The implications for stereo reinforcement are important: if stereo music is mixed down for presentation in mono, some important details which may be readily apparent in stereo presentation may be masked. System mixing engineers must be aware of this and prepared to make adjustments in the levels of individual secondary program components if music reinforcement is simultaneously done in surround sound, stereo, and mono.

General Requirement for Good Speech Intelligibility

Whether in amplified or unamplified speech presentation, the requirements of speech intelligibility are very much the same:

1.  Speech loudness level. Average speech levels should be in the 65 to 70 dB range if persons with normal hearing are to understand it without effort. Under noisy conditions the speech level will have to be raised accordingly.

2.  Speech signal-to-noise ratio. For ease in listening, average speech levels should be about 25 dB higher than the prevailing noise level. However, at elevated speech levels in noisy environments, a somewhat lesser speech-to-noise ratio is possible; typically, a 15-dB speech-to-noise ratio may suffice in sports activities where there is considerable spectator noise. This trend is shown in Figure 2-11.

figure-2-11-700

Figure 2-11:  Required Communications Levels and Distances in the Presence of Noise

3.  Reverberation time. Normal speech occurs at a rate of about three syllables per second; thus, a reverberation time of 1.5 seconds or less will not interfere with the normal perception of speech. Beyond critical distance in the room, the reverberation following each syllable will already have diminished by about 13 dB before the onset of the next syllable, and this will allow each succeeding syllable to be clearly heard. Reverberation time in this range may actually increase intelligibility through the increase in overall loudness; however, reverberation times longer than 1.5 seconds will progressively interfere with speech intelligibility. See the representation of this in Figure 2-12. In particular, distinct echoes in the 100 msec range or greater can be very deleterious to speech intelligibility.

figure-2-12-900

Figure 2-12:  Effect of Reverberant Overhang on Perception of Speech

4.  Uniform coverage. All listeners should be well within the range of the talker or of the loudspeaker reproducing the sound of the talker. All patrons in the audience should expect to hear accurately and comfortably.
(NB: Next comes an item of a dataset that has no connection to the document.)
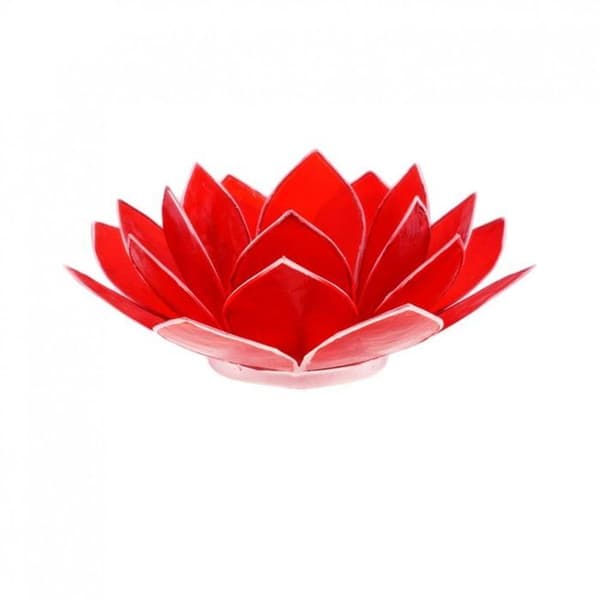 Röd och silver Lotusblomma ljushållare 1:a chakra Rött, Silver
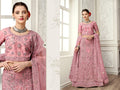 Peach Net Fancy Zari Embroidered work Lehenga Choli with Dupatta - Heer | Grocsy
5.  Spectral integrity; freedom from distortion. In the specific case of reinforced speech it is essential that the voice spectrum (125 Hz to 4000 Hz) be reproduced with accuracy and that the transmission be substantially free of audible distortion.
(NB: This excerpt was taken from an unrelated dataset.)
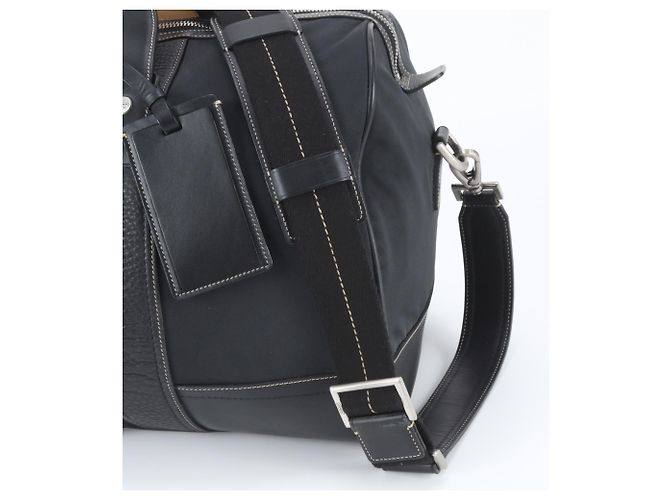 Borsa Boston 2-Way in pelle Coach Nero Blu navy - vista 3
Measuring Speech Intelligibility – Syllabic Testing

Speech intelligibility in a given environment is tested by using syllables imbedded in “carrier” sentences. The syllables are selected at random and are presented as follows by a talker speaking in a clear and natural manner:

“I want you to identify the word dog.”
“Now, please identify the word will.”

The test syllables are not to be stressed in any manner, and the purpose of the carrier sentence is to place the test syllable into the flow and tempo of normal speech, including any effects of room reverberation.  Normally, if a listener can identify 85% of random syllables in a number of tests, then that listener will be able to understand about 97% of the words in normal speech context. Standard word lists are published by the ISO with instructions for their use.

Syllabic testing is a tedious procedure, but it is accurate. What speech reinforcement system designers want are relatively simple methods and procedures for predicting speech intelligibility, even if they have to give up some degree of accuracy. In a later chapter we will deal with some of the in situ test procedures that enable us to estimate the speech intelligibility in a space. We will also discuss some of the early prediction techniques that can be applied to construction jobs still on the drawing board.

We are by no means through with our discussion of intelligibility. Please refer to Appendix 5 for more detailed discussions of intelligibility measurement and estimation.